Just when the deer think they have humans figured out, they go and do something whacko like that   You can call yourself a biathelete ski and shoot, ski and shoot., ski and shoot   .


----------



## mondeo (Nov 26, 2008)

jaja111 said:


> Excellent start to the season in the buttcrack of Western NY.
> 
> http://www.holidayvalley.com/snowreport.cfm
> 
> ...


 
I think my brother went skiing opening day at Holiday. I just shoveled about 3 inches of fairly heavy lake effect snow out of the driveway at my parents' house, and it's still coming down pretty good.
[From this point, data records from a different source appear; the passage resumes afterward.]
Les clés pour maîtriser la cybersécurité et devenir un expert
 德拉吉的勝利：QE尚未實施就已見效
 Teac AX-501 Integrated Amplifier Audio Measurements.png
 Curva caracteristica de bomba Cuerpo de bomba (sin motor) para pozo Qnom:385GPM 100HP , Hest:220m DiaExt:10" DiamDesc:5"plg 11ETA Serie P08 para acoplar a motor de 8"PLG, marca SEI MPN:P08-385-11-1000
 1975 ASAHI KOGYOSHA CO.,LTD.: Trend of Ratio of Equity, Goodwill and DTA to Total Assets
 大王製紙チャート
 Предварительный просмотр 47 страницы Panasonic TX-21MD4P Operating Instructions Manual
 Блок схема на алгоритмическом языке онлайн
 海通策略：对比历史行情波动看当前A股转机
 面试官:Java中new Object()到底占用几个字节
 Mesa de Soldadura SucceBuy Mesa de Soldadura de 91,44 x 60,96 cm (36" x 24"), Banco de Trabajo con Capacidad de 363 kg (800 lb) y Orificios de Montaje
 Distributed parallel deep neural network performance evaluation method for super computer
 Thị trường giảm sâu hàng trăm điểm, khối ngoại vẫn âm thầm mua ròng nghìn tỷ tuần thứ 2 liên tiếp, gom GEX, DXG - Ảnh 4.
My dad shoveled a foot of snow at my grandmother's house about 15 minutes from HV this morning.


----------



## Trekchick (Dec 1, 2008)

I skied today on some serious hard pack.  Started snowing about an hour before it was time to quit.  Now we're getting some good stuff.  I'll be out snowplowing in about an hour, and will probably be on it for a while under these conditions 
I'll send it your way!


----------



## billski (Dec 1, 2008)

Trekchick said:


> I skied today on some serious hard pack.  Started snowing about an hour before it was time to quit.  Now we're getting some good stuff.  I'll be out snowplowing in about an hour, and will probably be on it for a while under these conditions
> I'll send it your way!



Where are you located?


----------



## Trekchick (Dec 1, 2008)

I'm near Cadillac, which is just below the TVC in the radar image, below Grand Traverse Bay about 40 minutes.


----------